J’ai aussitôt représenté le danger que des correspondances pareilles font courir à la Reine et la nécessité pour elle d’y couper court. Mais je ne l’ai pas trouvée là-dessus aussi forte que je l’aurais désiré : « Que voulez-vous ? m’a-t-elle répondu. Louis s’en amuse. » Elle observe que son fils se ranime, depuis qu’on politique autour de lui, et elle voit dans l’excitation de l’intrigue un adjuvant de guérison. Heureusement, sa santé meilleure nous permet de parcourir la ville avec lui et de la distraire en le promenant. Du tunnel sous la Tamise, nous courons à la rotonde de Regent’s park. Ce bâtiment ressemble au Panthéon de Rome ; on y voit le cosmorama de Londres, tel qu’on pourrait le découvrir du haut de la coupole de Saint-Paul. Pour épargner aux curieux la peine d’en monter les degrés, les Anglais, toujours féconds dans les inventions de la mécanique, ont imaginé une vis immense, à l’intérieur de laquelle monte et tourne en même temps une sorte de petit coupé, pareil à la cage d’une gondole ; on n’a que la peine de s’asseoir et de se laisser hisser jusqu’au sommet.

Tout auprès, le Cottage Swiss, dû au même ingénieur, a absorbé des sommes énormes et complété la ruine de ce malheureux. Un labyrinthe de serres adroitement disposées, conduit à l’intérieur d’un chalet rustique. Par les fenêtres ouvertes, on découvre alors des roches, des cascades, tout un paysage parfaitement composé, et qu’il est merveilleux qu’on ait pu rassembler sur un si petit espace.

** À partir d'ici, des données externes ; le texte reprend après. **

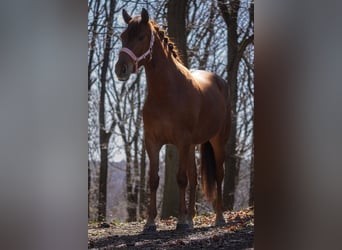Pozostałe rasy, Klacz, 5 lat, 154 cm, Kasztanowata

En revenant de voir ces merveilles, hier soir, nous avons trouvé un mot gracieux de la duchesse de Bedford : elle avait eu l’amabilité d’apporter elle-même les fiches d’entrée pour sa loge, aux Italiens. La Reine a voulu nous y conduire tous, c’est-à-dire les Murat et nous ; mais elle avait trop préjugé de ses forces ; au premier moment, la musique lui a fait mal ; elle s’est mise dans le fond de sa loge où elle est restée toute la soirée à pleurer.